**Problem requirements:** Print exactly the lines from the one that contains "メルセデス・ベンツEQB350 4MATIC（ステアリングスイッチ）" through the last line of the material, both included, and leave out all pictures.

**Source material:**
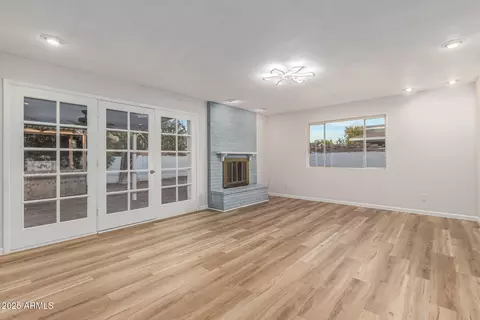 Living - 1232 E Mclellan Rd, Mesa, AZ 85203 photo 2 of 5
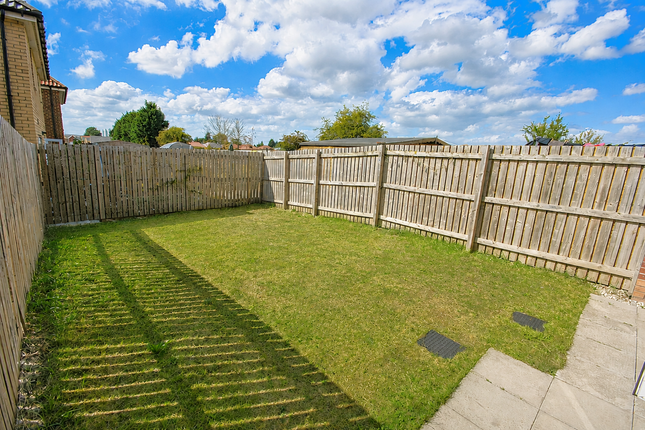22, Wallis Grove, Doncaster photo 2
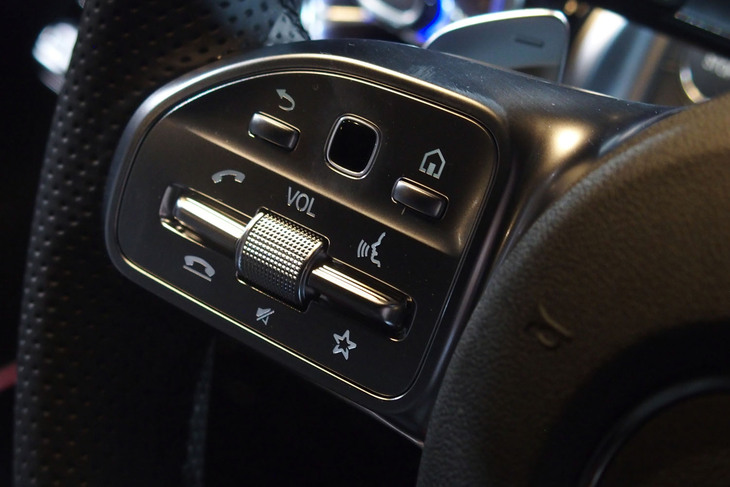 メルセデス・ベンツEQB350 4MATIC（ステアリングスイッチ）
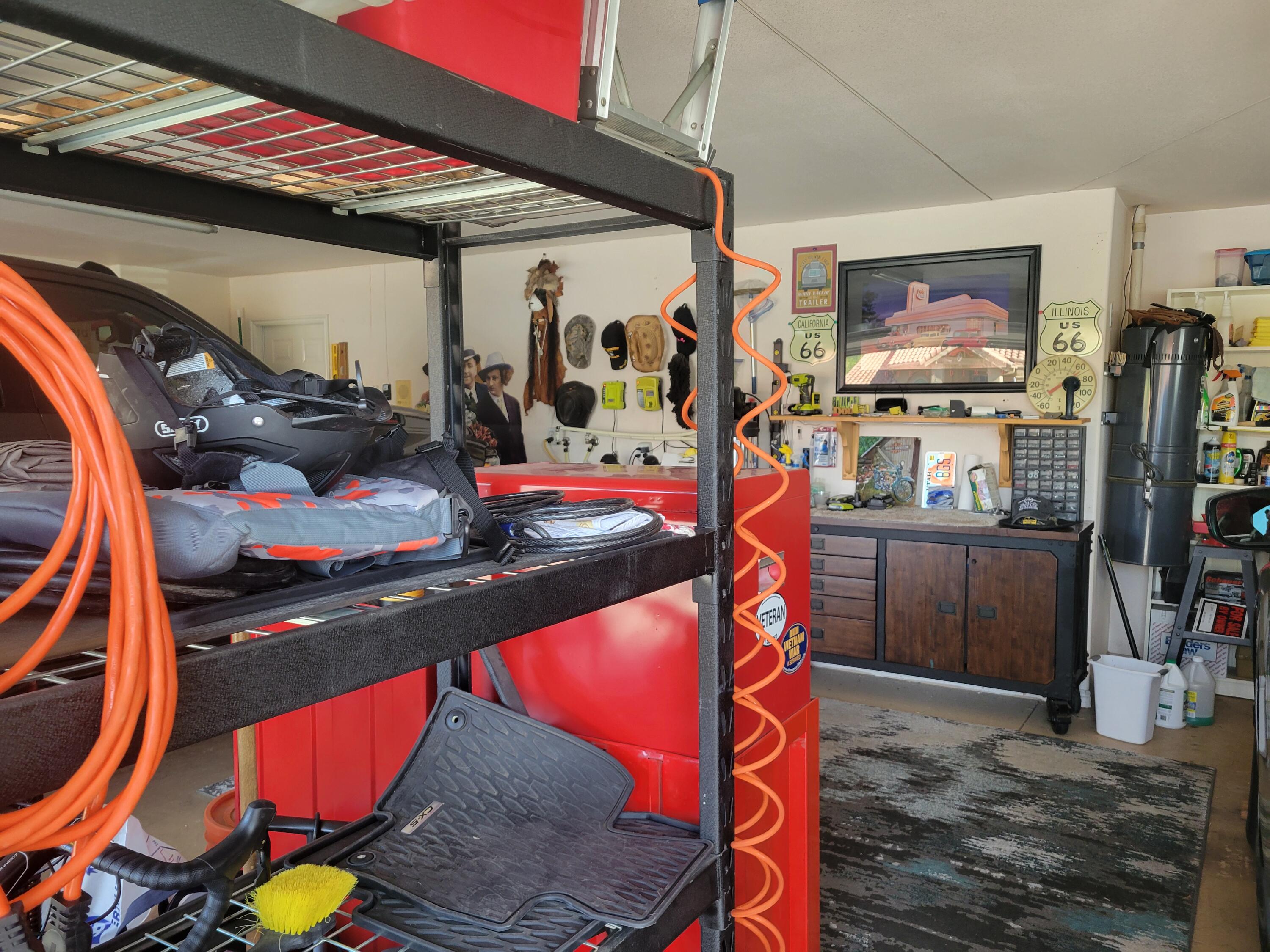 RANCHO BLOOMINGTON - Residential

**Your solution:**
 メルセデス・ベンツEQB350 4MATIC（ステアリングスイッチ）
 RANCHO BLOOMINGTON - Residential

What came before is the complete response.